Donne was a great favourite of my mother’s, who introduced me to a lot of English poetry in my childhood. In particular, she related to his romantic lyrics and sonnets – poems like “The Good Morrow” which, I think, reminded me of her marriage to my father. Since he died very young, this only lasted 11 years and was almost childless (they had a miscarriage a year before conceiving me, but I was born after my father’s death). It was probably not until I got to university that I discovered Donne was the Dean of St Pauls and had written a good deal of religious poetry and prose also. In fact, he tried to limit the circulation of his love poems throughout his life, afraid that they would compromise his later respectable image. He appears to have been a bit of a man-about-town in his youth.
He was also a Catholic by birth, making him a social outsider. A man of contrasts with a sincere ability to repeatedly reinvent himself, he ended his days right at the heart of the Anglican establishment. His religious views were unfashionably tolerant; he disliked extremism on both sides, both Jesuit and Puritan, and called for a church that was “catholic” with a small ‘c’ – that is, universal, modern and distinctively English.

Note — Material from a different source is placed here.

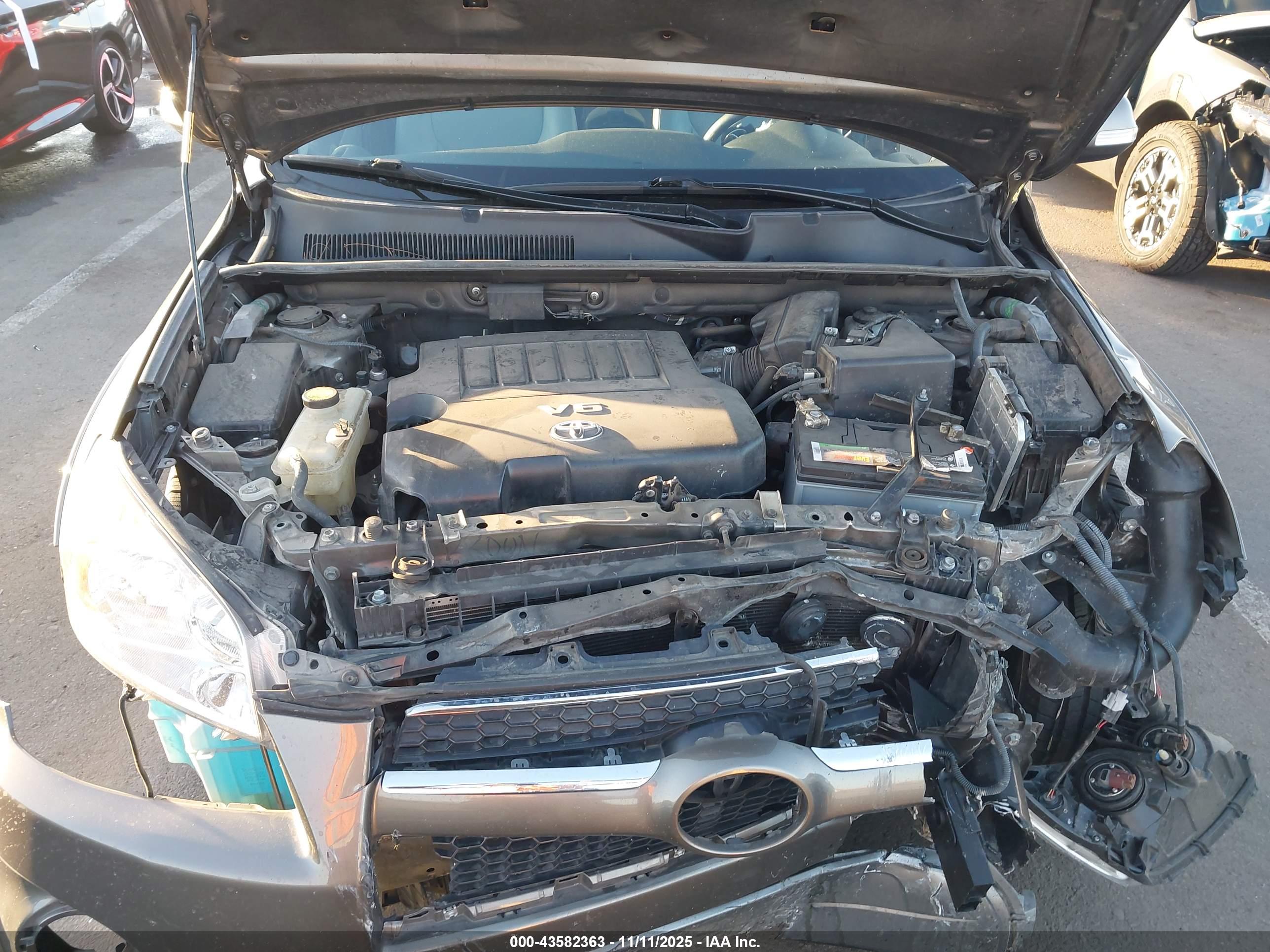 TOYOTA RAV4 image 10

He married scandalously and secretly for love at a time when young women were virtually the property of their families, assets to be disposed of to the highest bidder. It ruined his career and his young wife died at the age of 33, shortly after bearing their twelth and last child. Little of Ann Donne (nee More) survives other then Donne’s own portrait of her in his writings. It would be nice to imagine that they were gloriously happy together and had no regrets. To some extent, they seem to have had an unusually close and loving relationship by the standards of the time. Yet he clearly wasn’t comfortable with family life on a precarious and uncertain income, and he was frequently absent from home for lengthy periods, sometimes leaving her pregnant and not knowing for months whether she had survived her latest confinement.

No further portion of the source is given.